やはり緊張してたのだろう。湯船の中で体をゆっくりとほぐす。じわじわと体が温まってくる。ふぅ。五十を過ぎた俺があり得ないと思うことを体感した。もっと若い時なら、求めに対しての情熱が出たかもしれない。めぐり合わせだから言ってもしょうがないことはわかっている。いろんな意味で諦めてた。枯れてた俺に今、めぐり合わせが来てるのか。勝負事も人生も最後までわからない。とはいうもののモブだよ。モブおっさんだよ。モブおっさんならたいがい俺の人生こんなもんさと思ってるよ。

グダグダが止まらないから風呂から上がる。

まだ弁当はいいかと思いタバコを吸う。なんで俺の心は石化してるのだろう。単純に喜べばいいのだ。人の好意を素直に受けられないかわいそうな奴だ。寂しい人生を送るのも当たり前か。分析と言う名の自虐だ。発泡酒を飲もう。酒の力を借りて寝よう。弁当を温め、発泡酒を手にテーブルに着く。まずはグビっとのど越しを楽しむ。パソコンの電源を入れ小説サイトを見る。お気に入りが更新されていた。パラレルワールド物だ。そういえばさっき俺も思ったな。物語の世界に紛れ込んだような錯覚を。主人公はこんな感覚だったのか。俺は混乱から抜け出せてない。やっぱりモブと主人公では違うな。今日の出来事が心のピースにはまるのはいつだろう。弁当はまだ半分だが発泡酒は空だ。二本目を取りに行く。弁当を食べ終えたのと小説巡りを終えたのがほぼ同時。チャットへ行くか。気晴らしになるだろう。

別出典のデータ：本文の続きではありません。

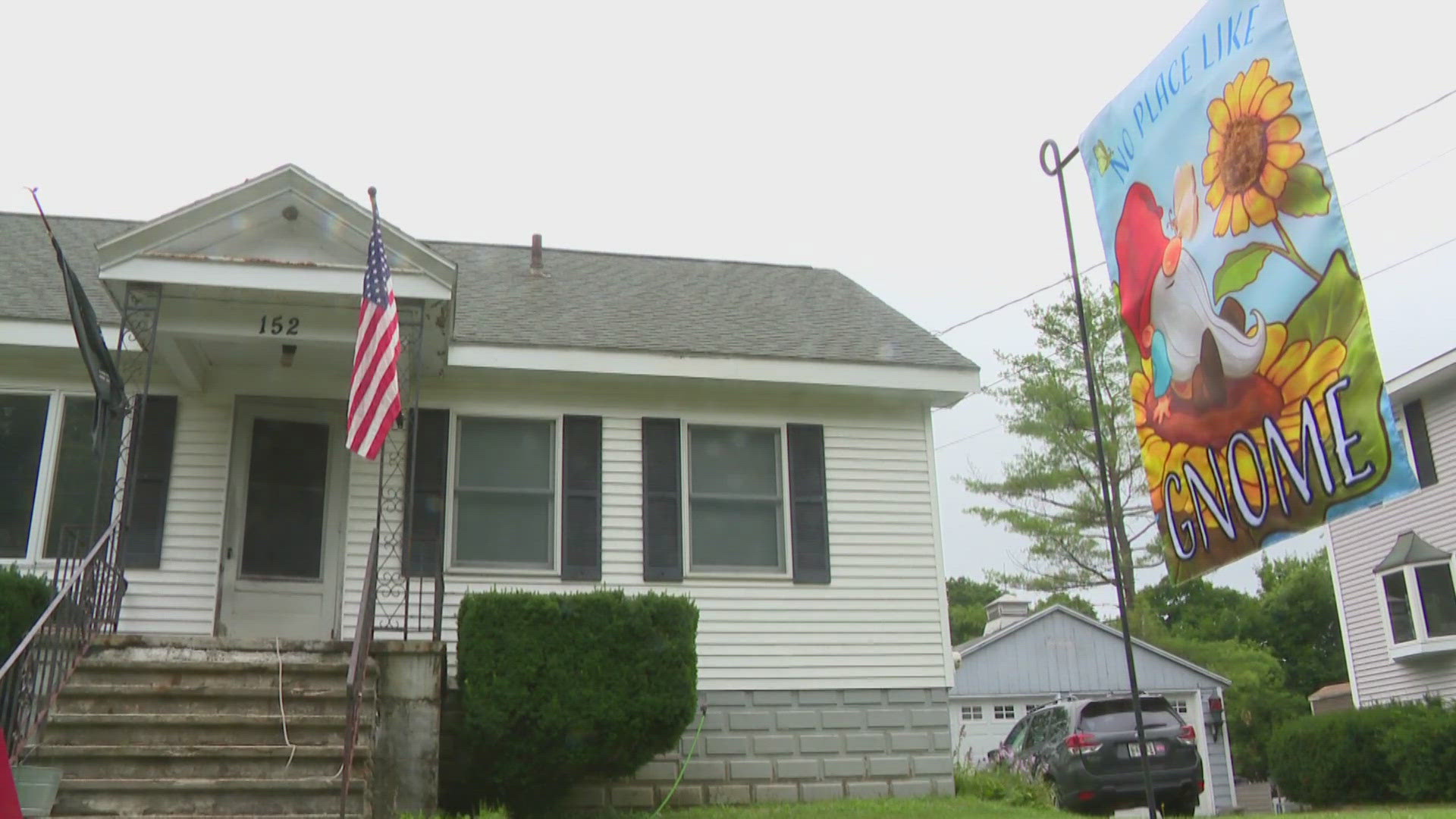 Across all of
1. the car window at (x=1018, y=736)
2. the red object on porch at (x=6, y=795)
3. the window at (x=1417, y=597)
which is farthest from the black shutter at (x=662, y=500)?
the window at (x=1417, y=597)

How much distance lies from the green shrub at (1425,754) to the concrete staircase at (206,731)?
540 inches

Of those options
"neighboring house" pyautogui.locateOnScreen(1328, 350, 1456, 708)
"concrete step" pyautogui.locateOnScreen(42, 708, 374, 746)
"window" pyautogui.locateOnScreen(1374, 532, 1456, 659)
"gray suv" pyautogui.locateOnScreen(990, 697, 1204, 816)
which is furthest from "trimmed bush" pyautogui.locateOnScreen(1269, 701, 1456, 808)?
"concrete step" pyautogui.locateOnScreen(42, 708, 374, 746)

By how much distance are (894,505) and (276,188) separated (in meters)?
5.82

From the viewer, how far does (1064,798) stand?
12859 mm

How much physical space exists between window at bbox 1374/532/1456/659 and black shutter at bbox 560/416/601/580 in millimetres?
14959

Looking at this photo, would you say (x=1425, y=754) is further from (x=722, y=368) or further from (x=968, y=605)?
(x=968, y=605)

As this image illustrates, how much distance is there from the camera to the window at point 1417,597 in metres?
19.5

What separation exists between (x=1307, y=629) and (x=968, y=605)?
16.6 meters

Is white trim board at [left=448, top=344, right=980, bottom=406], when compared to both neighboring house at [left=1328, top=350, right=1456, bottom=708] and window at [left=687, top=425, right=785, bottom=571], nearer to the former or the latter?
window at [left=687, top=425, right=785, bottom=571]

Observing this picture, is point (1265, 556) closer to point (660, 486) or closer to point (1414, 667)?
point (1414, 667)

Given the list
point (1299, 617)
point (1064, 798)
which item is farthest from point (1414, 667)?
point (1299, 617)

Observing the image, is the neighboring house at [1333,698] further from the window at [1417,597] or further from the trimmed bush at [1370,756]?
the trimmed bush at [1370,756]

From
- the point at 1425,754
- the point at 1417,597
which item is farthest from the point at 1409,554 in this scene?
the point at 1425,754

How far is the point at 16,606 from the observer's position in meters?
7.98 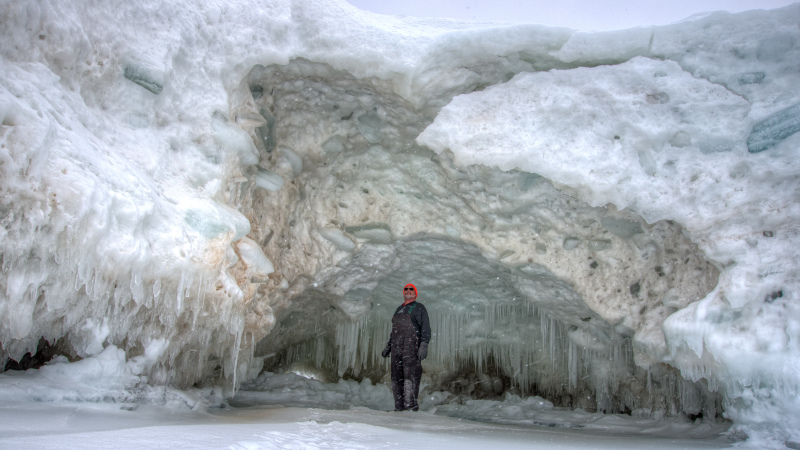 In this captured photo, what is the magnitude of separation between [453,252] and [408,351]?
45.9 inches

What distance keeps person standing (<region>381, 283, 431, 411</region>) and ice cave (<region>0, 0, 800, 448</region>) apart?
26.2 inches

サイトを開く。サムネを見る。rioがいた。頑張ってるなと思いクリックした。その姿はたどたどしく変わってなかった。「今日も見てくれてありがとう」かすかにだが自然な笑顔に近くなったような気がした。こうやって変わっていくんだな。

「rioの挑戦を見守ってくれるお兄さん。応援してくれるお兄さん。感謝です。今日はお約束した四つん這いに挑戦します。最後だよ。最初からは恥ずかしすぎて無理だよ。rioにはハードル高すぎるよ。でも、いつかお兄さんたちを夢中にさせるって野望はあるんだよ。えー無謀ってコメントきた。大丈夫、見守ってくれるお兄さんがいる限りいつかはね」

見守ってくれる人がいて挑戦できる。ショックを受けた。